5. Model Construction

These are preparations to SE, for example, we modify the model.pyloaded part of the model file, and modify the code forward part of the function, let it function properly:

In model.pythe create_modulesfunction, add:

        elif mdef['type'] == 'se':
            modules.add_module(
                'se_module',
                SELayer(output_filters[-1], reduction=int(mdef['reduction'])))

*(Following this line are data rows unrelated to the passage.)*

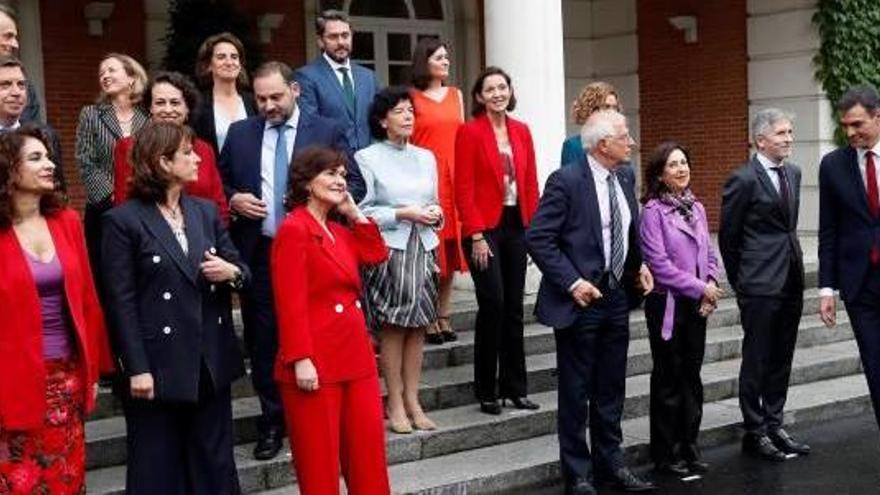 Pedro Sánchez se sitúa entre sus ministros en la primera foto de grupo en el Palacio de la Moncloa.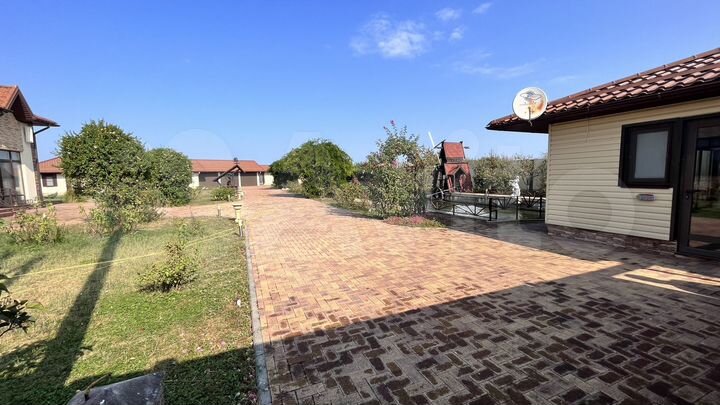 Дом 378 м² на участке 51 сот.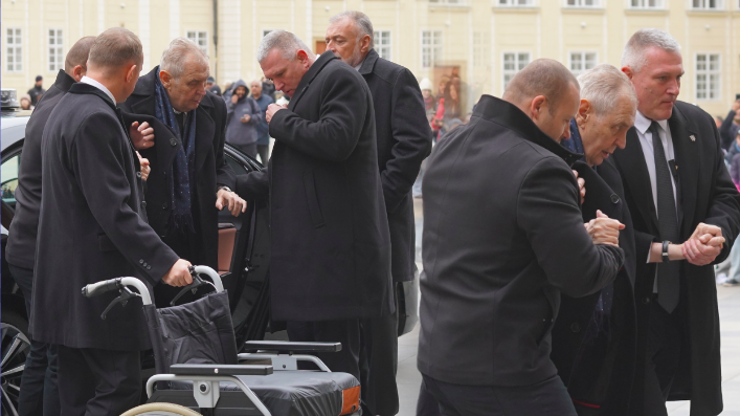 Překvapení na pohřbu Duky: Zeman se pár dní po operaci objevil na veřejnosti, do katedrály došel po svých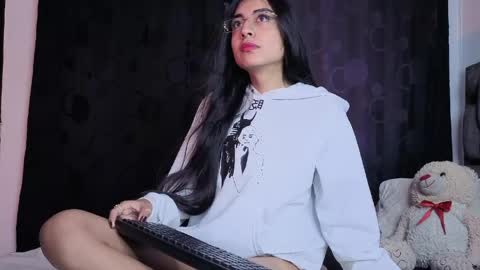 Snapshot of miss_angel0 chatting on May 31, 10:44 am miss_angel0 online show from May 31, 10:44 am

Then modify the function in the forward portion Darknet:

def forward(self, x, var=None):
    img_size = x.shape[-2:]
    layer_outputs = []
    output = []

    for i, (mdef,
            module) in enumerate(zip(self.module_defs, self.module_list)):
        mtype = mdef['type']
        if mtype in ['convolutional', 'upsample', 'maxpool']:
            x = module(x)
        elif mtype == 'route':
            layers = [int(x) for x in mdef['layers'].split(',')]
            if len(layers) == 1:
                x = layer_outputs[layers[0]]
            else:
                try:
                    x = torch.cat([layer_outputs[i] for i in layers], 1)
                except:  # apply stride 2 for darknet reorg layer
                    layer_outputs[layers[1]] = F.interpolate(
                        layer_outputs[layers[1]], scale_factor=[0.5, 0.5])
                    x = torch.cat([layer_outputs[i] for i in layers], 1)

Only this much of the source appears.